With all the hype being about low carbon building design these days and with an array of tools to choose from, Google SketchUp continues to grow in popularity. Gone are the outdated conceptions’ that architects manipulate primitive, simple shapes like virtual putty in 3D space, and now in, are new methods involving intelligent wall assemblies that “know” their own material make-up and that can be used to generate an information rich building model.
You could be forgiven if at first glance, you perceived this as a trend towards increasing complexity, and that future architects will need to be specialists in BIM methodology in order to contribute to architectural practice. Think again. Google SketchUp, is perhaps the easiest 3D CAD based software to learn on the market at the moment and is rapidly becoming the number one choice for architects in early phases of building design.

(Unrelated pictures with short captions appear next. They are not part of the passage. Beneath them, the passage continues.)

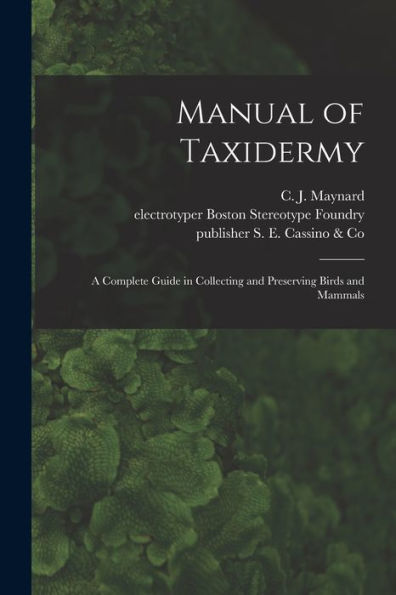 Manual Of Taxidermy: A Complete Guide In Collecting And Preserving Birds And Mammals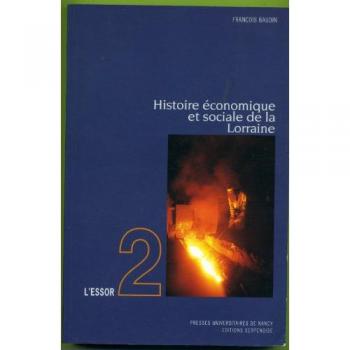 François Baudin Histoire Économique Et Sociale De La Lorraine : Tome 2, L'Essor (Hist Eco Lorrai)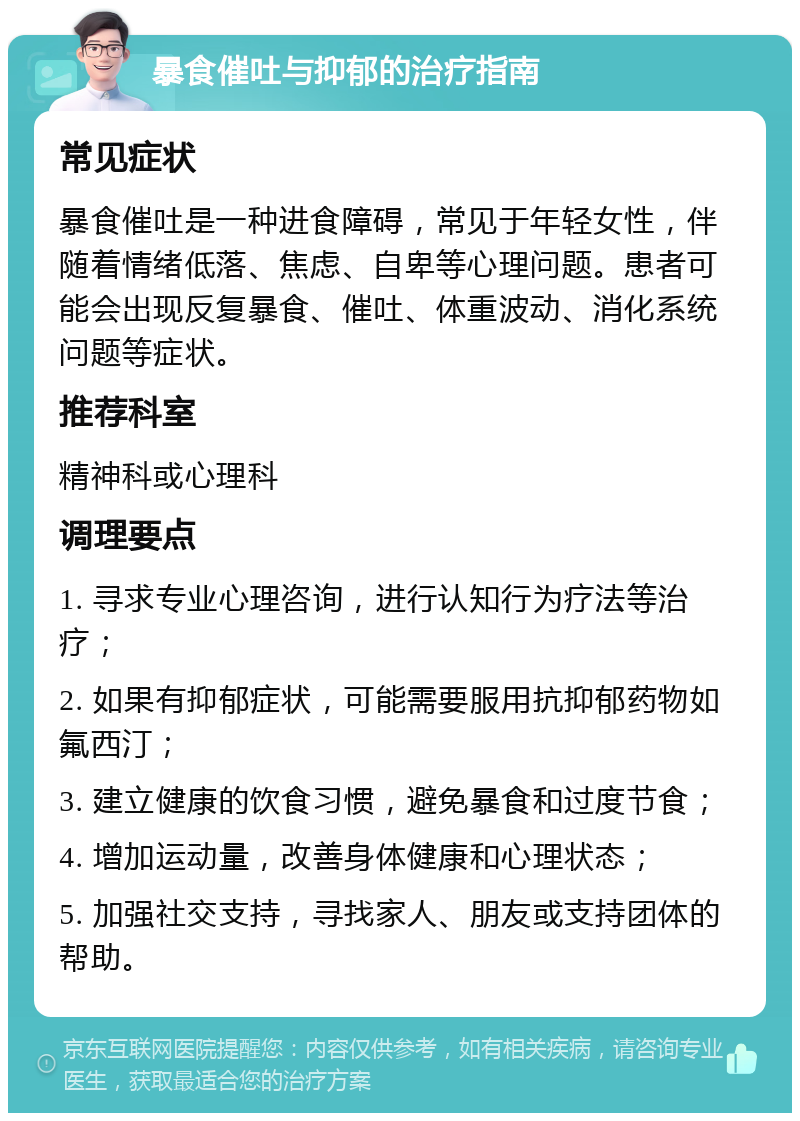 暴食催吐与抑郁的治疗指南 常见症状 暴食催吐是一种进食障碍，常见于年轻女性，伴随着情绪低落、焦虑、自卑等心理问题。患者可能会出现反复暴食、催吐、体重波动、消化系统问题等症状。 推荐科室 精神科或心理科 调理要点 1. 寻求专业心理咨询，进行认知行为疗法等治疗； 2. 如果有抑郁症状，可能需要服用抗抑郁药物如氟西汀； 3. 建立健康的饮食习惯，避免暴食和过度节食； 4. 增加运动量，改善身体健康和心理状态； 5. 加强社交支持，寻找家人、朋友或支持团体的帮助。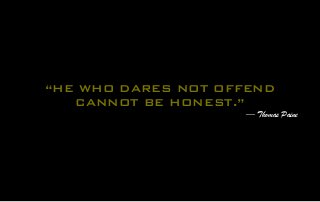 “HE WHO DARES NOT OFFEND
CANNOT BE HONEST.”
— Thomas Paine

Although SketchUp does not provide the BIM functionality that is present in other far more expensive solutions, I believe the future is very promising. SketchUp has a short learning curve, competitive price (free), 3D-based focus (a prerequisite for BIM programs), pleasing visualization capabilities make SketchUp a strong contender to begin with. Now add the fact that it is part of the “Google Empire,” directly connected to Google Earth and its repository of 3D buildings, terrain, and street views—as well as the 3D Warehouse—and you have a contender with enviable if not inevitable odds for success.
Of course, SketchUp does not currently possess all of the functionality of more expensive programs—far from it. Nevertheless, now in its 8th Version, SketchUp has already become a far more sophisticated program than version 1.0. greenspaceLive plans to harness the capabilities of SketchUp, by offering gModeller an energy analysis plug-in, which allows Architects to make informed decisions on building design.